Senja

hafitalia
Chapter #48

47

47


Pada saat musim gugur tiba, rencana itu bisa terwujud. Fajar mengajak aku, Harumi, Akira, Hideki, Toshio, dan Yusihiro pergi liburan bareng.

Kami hanya disuruh membawa peralatan trekking secukupnya, perbekalan secukupnya. Dua minggu sebelum keberangkatan, aku pun giat berolahraga mempersiapkan diri untuk sebuah petualangan seru yang akan kami habiskan bersama-sama.

Masing-masing dari kami sering lari pagi, karena disuruh Fajar yang selalu cerewet mengingatkan aku dan yang lainnya. Hebatnya kami semua menuruti semua perintah Fajar. Aku tahu, ini boleh jadi akan menjadi perjalanan yang sangat memorable untuk kami.

Pukul lima pagi, aku sudah jalan menuju stasiun. Kami janjian di stasiun Shibuya. Aku tiba duluan, disusul Fajar bersama Toshio, dan Akira dengan Harumi, juga Hideki, dan Yusihiro.

Setelah itu kami berangkat dengan Shinkansen menuju stasiun Dentetsu Toyama. Setelah itu ganti kereta ke stasiun Tetayama. Kemudian sang ketua geng mengomando perjalanan kami.

“Yuk, guys kita naik cable car sampai ke Bijodaira.” Ajak Fajar penuh antusias, yang di respon dengan penuh semangat oleh kami berenam.

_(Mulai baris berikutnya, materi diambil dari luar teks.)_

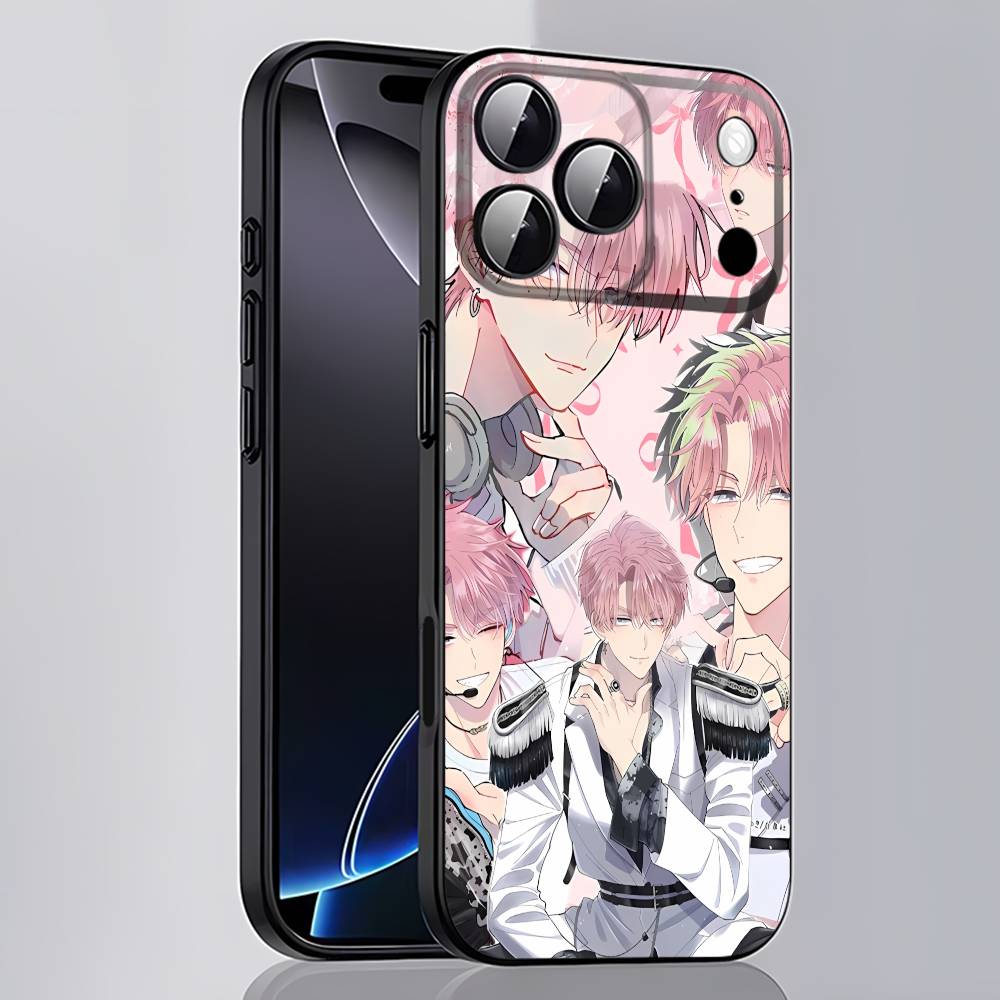 T-Tamon C-Comics Kun Ima Docchi Для iPhone 17,16,15,14,13,12,11,Pro,Max,Plus,E,SE4,Air,Mini Черный Чехол-Крышка для Телефона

Woi, ini perjalanan bakalan seru parah!” Akira tak kalah antusias, si pecinta alam yang satu ini memang gokil banget kalau sudah diajak jalan-jalan, semangatnya luar biasa. Pecicilan banget, beda dengan Toshio, Hideki dan Yusihiro yang masih kalem-kalem saja—khas Jepangnya memang tidak pernah pudar. Kalau Akira memang sudah terpengaruh Fajar yang sama-sama rame.

Kemudian setelah itu transfer ke Tetayama Highland Bus untuk menempuh perjalanan ke Bijodaira-Midagahara-Murodo. Di sepanjang jalan dengan highland bus, Fajar membawa kami melewati air terjun Shomyo yang konon kabarnya adalah yang terpanjang di Jepang. Sayangnya hanya sempat melihat dari dalam bus saja, sebab kami akan turun hiking di Midagahara.

Aku, Harumi dan Geng Ramen datang tepat di musim gugur, telihat warna warni indah mempesona di Midagahara. Cuaca sedang bersahabat, pas ketika puncak musim gugur ini tiba. Disuguhi pemandangan yang sangat spektakuler membuat kami makin terpesona, mata kami dibuai keindahan alam.

Aku berkali-kali tak terhitung mengucap nama-nama indah-Nya. Berterimakasih pada Tuhan tidak akan pernah cukup untuk mengungkapkan betapa bersyukurnya aku bisa menikmati keindahan luar biasa ini. Tak kusadari Fajar mendekat ke arahku sambil membisikkan kata-kata.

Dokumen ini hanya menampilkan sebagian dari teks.